The findings of the study, published in JAMA Internal Medicine, suggest that the disease burden of cigarette smoking in the US “remains immense,” write the authors.

Cigarette smoking is acknowledged as the leading cause of preventable deaths in the US, with experts finding cigarette smoke capable of harming almost every organ and organ system within the body.

The Centers for Disease Control and Prevention (CDC) regularly publish their estimates of mortality attributable to smoking, along with its economic cost. However, the population disease burden tends to receive less focus, despite smoking’s status as a leading cause for many major medical conditions.

In 2000, the CDC published estimates of smoking-attributable mortality and reported that 8.6 million individuals suffered from a total of 12.7 million medical conditions attributable to smoking.

“Most of these conditions were chronic bronchitis and emphysema, often classified as chronic obstructive pulmonary disease (COPD),” write the authors, “but these estimates and methods, to our knowledge, have not been subsequently updated or refined.”

Concerned that previous estimates of the disease burden of smoking could have been underestimated due to the absence of several major medical conditions caused by smoking, a study was conducted in order to produce estimates for smoking-attributable mortality for 2009.

The study was led by Dr. Brian L. Rostron of the Center for Tobacco Products, US Food and Drug Administration (FDA), in Silver Spring, MD.

For the study, the researchers utilized data from the National Health Interview Survey (NHIS) from 2006-2012 and the National Health and Nutrition Examination Survey (NHANES). Population estimates were taken from the US Census Bureau in 2009.

Using NHIS data, the authors assessed smoking prevalence, disease prevalence and disease relative risk estimates. They estimated that 6.9 million American adults had reported a total of 10.9 million smoking-attributable medical conditions.

COPD estimates were then taken from NHANES spirometry readings and self-reported data. The data acquired from the medical examination of surveyed adults were adjusted to account for underreporting of this particular condition.

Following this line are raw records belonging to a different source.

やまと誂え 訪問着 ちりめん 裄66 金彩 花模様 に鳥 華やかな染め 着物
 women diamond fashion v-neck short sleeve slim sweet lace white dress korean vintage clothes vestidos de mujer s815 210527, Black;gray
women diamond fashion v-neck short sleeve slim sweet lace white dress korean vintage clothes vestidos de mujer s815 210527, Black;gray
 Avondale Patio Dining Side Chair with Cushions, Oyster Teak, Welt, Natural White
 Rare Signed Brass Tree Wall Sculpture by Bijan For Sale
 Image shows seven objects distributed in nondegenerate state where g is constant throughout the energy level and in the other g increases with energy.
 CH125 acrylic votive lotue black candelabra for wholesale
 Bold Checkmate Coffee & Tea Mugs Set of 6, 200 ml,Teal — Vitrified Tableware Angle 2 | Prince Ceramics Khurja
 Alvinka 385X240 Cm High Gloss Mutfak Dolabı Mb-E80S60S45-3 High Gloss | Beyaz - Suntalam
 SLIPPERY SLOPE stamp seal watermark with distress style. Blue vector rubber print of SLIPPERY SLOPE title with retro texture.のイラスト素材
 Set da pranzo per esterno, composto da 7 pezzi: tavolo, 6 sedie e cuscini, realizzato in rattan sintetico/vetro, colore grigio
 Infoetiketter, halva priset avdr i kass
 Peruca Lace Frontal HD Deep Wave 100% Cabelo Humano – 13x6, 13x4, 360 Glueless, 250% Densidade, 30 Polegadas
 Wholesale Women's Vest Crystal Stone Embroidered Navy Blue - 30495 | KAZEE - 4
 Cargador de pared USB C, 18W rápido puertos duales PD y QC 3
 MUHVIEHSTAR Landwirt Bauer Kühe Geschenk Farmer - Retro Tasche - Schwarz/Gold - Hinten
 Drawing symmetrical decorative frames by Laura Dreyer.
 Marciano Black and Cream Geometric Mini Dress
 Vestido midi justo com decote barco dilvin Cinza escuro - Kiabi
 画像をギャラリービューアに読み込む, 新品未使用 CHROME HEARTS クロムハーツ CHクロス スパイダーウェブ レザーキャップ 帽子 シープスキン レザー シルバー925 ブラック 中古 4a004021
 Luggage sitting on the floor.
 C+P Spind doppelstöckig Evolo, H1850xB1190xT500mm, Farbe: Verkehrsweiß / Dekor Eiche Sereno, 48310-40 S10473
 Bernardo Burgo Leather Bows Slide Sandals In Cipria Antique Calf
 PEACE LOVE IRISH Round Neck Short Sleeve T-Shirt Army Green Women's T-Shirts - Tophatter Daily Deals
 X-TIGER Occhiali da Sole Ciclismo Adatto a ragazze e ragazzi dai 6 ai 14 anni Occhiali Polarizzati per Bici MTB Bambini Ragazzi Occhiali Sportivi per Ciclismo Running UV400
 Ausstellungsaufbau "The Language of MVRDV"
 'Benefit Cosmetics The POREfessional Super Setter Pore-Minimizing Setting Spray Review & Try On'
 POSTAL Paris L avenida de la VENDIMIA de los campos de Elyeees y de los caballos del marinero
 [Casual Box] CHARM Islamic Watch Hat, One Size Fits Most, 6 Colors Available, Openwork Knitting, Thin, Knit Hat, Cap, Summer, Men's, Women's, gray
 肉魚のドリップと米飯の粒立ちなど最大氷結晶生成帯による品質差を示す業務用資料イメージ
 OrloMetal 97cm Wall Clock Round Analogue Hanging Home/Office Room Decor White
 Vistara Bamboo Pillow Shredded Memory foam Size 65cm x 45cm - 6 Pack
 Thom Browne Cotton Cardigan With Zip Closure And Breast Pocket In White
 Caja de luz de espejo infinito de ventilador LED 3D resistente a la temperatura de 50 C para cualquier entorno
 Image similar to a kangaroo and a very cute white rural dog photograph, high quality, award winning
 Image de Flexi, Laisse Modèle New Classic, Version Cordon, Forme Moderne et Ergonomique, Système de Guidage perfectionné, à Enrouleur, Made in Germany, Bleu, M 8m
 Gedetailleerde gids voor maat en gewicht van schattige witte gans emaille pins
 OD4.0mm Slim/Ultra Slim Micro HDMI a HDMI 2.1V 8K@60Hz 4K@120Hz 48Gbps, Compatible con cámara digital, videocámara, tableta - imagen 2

Combining the data, the researchers estimated that adults in the US had developed approximately 14 million major medical conditions in 2009 as a result of smoking.

The authors believe that this figure is “generally conservative,” due to the existence of other conditions and medical events that were not included in the analysis. One such condition is ovarian cancer, which has been identified by cancer researchers as a disease that can be caused by smoking.

The report is also unable to quantify the contribution of secondhand smoking to the overall total of smoking-attributable major medical conditions.

In an accompanying editorial, Dr. Steven A. Schroeder, of the University of California, San Francisco, states that the findings of the study should serve to keep smoking prevention and cessation as “the most important clinical and public health priorities for the foreseeable future.”

Dr. Schroeder writes that a drop in smoking prevalence should not lead to the study’s findings being discounted:

Does it make any difference that smoking is even riskier than previously assumed? Given that adult and youth prevalence rates are at modern lows, would not the current trends take care of the problem? Unfortunately, no. Although prevalence is declining, that decline is excruciatingly slow, and there are still more than 40 million smokers in the United States.”

He also suggests that “a long lag time” exists between changes in the habits of the population and changes in the prevalence of medical conditions. “Thus,” he writes, “a decade from now we can predict that overall smoking-related deaths and morbidity rates should also have declined.”

So, despite the numbers of smoke-free homes doubling in the past 20 years and record low levels of teen cigarette smoking, with approximately 1 billion smokers worldwide there remains much to be done to bring down figures such as the one provided by Dr. Rostron and colleagues.